• _Your assignment_: Lines before the one containing "Why am I apparently" are not wanted; restate the rest below word for word, through the last line, but drop any pictures.

• _Material provided_:
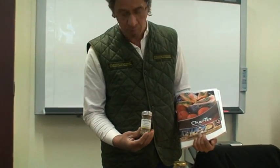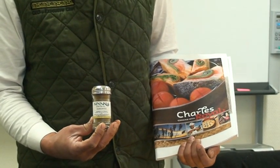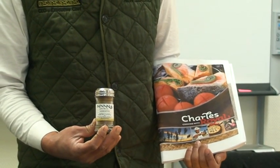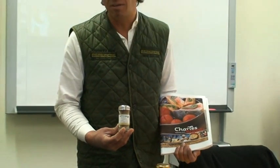We've got horopito, which is the alpine pepper, the bush pepper, and this is also included in some of the recipes in the book — horopito hummus, how to smoke horopito using different seafoods and vegetables, and sauces.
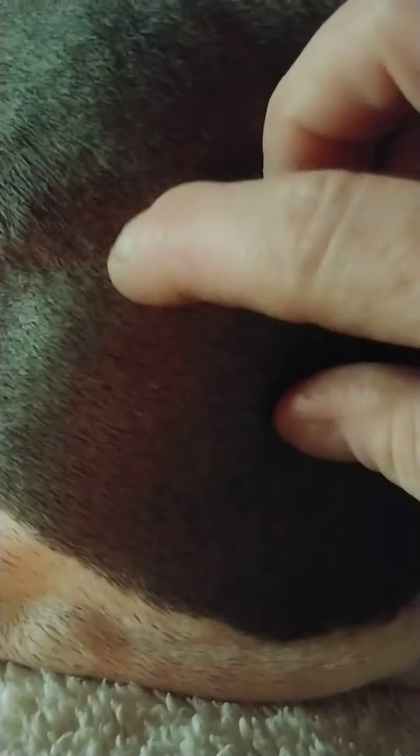Why am I apparently the only one who knows about the water that can be squeezed out of the skin? This can't be just my dog. There are certain areas — I don't know much about the lymphatic system in either humans or dogs for that matter — but that's what I meant.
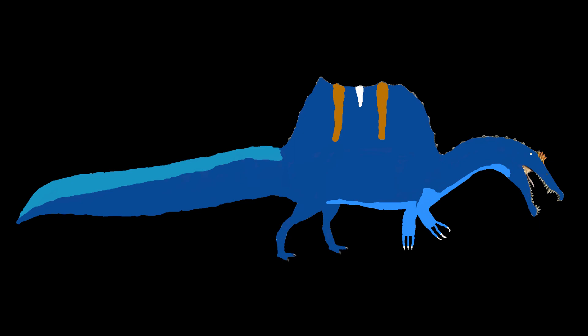Its skin can change into any color just like a chameleon. That way when a predator goes into the water, it can change its skin color to look just like the surrounding water.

• _Solution below_:
Why am I apparently the only one who knows about the water that can be squeezed out of the skin? This can't be just my dog. There are certain areas — I don't know much about the lymphatic system in either humans or dogs for that matter — but that's what I meant.
Its skin can change into any color just like a chameleon. That way when a predator goes into the water, it can change its skin color to look just like the surrounding water.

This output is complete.